> WHAT TO PRODUCE
The first line of the data below and every line after it, through the one with "La galerie Chelouche", must be transcribed without change.

-- -- --

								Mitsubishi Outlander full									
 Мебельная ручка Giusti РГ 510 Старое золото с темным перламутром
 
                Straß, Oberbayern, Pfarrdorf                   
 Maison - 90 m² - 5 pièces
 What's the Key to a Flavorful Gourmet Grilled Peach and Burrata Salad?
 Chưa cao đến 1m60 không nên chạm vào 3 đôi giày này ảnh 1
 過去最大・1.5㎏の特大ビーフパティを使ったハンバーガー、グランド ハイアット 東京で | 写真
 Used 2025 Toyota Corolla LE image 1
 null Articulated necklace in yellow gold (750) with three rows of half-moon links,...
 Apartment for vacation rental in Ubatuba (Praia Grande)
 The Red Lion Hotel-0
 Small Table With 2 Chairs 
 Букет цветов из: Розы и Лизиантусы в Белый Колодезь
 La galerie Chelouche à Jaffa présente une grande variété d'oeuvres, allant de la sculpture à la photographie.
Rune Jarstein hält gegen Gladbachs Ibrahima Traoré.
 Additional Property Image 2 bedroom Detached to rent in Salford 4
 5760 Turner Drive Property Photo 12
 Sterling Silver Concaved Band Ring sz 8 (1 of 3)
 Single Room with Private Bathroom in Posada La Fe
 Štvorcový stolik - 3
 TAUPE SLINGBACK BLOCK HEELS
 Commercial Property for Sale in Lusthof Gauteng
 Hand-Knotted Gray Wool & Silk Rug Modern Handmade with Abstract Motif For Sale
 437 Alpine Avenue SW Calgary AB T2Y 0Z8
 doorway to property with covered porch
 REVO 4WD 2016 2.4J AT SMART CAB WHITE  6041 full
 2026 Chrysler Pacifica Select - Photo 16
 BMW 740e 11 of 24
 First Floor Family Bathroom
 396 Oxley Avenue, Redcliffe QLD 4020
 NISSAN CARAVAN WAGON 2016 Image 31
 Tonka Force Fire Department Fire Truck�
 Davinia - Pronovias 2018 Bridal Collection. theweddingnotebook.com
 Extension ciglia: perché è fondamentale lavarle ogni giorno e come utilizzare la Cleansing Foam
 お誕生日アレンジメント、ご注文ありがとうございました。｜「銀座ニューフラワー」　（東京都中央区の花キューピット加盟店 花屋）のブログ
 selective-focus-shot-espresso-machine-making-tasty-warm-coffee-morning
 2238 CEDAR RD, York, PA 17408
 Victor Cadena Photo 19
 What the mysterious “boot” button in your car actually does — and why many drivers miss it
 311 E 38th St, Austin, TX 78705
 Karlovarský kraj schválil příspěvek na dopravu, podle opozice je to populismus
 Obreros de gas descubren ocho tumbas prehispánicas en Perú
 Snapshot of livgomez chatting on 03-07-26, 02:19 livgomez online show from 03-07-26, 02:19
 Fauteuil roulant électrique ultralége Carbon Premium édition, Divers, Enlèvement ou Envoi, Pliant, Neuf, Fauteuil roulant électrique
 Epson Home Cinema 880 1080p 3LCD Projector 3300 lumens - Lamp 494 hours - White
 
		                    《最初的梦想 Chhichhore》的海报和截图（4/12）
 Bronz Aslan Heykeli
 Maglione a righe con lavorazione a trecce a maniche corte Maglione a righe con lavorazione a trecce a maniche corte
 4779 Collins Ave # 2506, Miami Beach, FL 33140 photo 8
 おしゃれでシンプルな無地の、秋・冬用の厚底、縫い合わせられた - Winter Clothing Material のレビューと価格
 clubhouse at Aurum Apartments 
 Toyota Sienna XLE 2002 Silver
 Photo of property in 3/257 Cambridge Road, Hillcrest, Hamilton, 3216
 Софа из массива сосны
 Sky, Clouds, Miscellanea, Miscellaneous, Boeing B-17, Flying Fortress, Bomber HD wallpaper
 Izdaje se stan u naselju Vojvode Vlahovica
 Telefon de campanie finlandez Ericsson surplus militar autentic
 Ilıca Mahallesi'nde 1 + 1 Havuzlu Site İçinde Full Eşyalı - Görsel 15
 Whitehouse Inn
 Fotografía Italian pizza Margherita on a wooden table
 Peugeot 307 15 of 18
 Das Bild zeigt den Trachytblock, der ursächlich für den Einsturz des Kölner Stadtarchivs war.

-- -- --

> RESULT OF THIS EXERCISE
								Mitsubishi Outlander full									
 Мебельная ручка Giusti РГ 510 Старое золото с темным перламутром
 
                Straß, Oberbayern, Pfarrdorf                   
 Maison - 90 m² - 5 pièces
 What's the Key to a Flavorful Gourmet Grilled Peach and Burrata Salad?
 Chưa cao đến 1m60 không nên chạm vào 3 đôi giày này ảnh 1
 過去最大・1.5㎏の特大ビーフパティを使ったハンバーガー、グランド ハイアット 東京で | 写真
 Used 2025 Toyota Corolla LE image 1
 null Articulated necklace in yellow gold (750) with three rows of half-moon links,...
 Apartment for vacation rental in Ubatuba (Praia Grande)
 The Red Lion Hotel-0
 Small Table With 2 Chairs 
 Букет цветов из: Розы и Лизиантусы в Белый Колодезь
 La galerie Chelouche à Jaffa présente une grande variété d'oeuvres, allant de la sculpture à la photographie.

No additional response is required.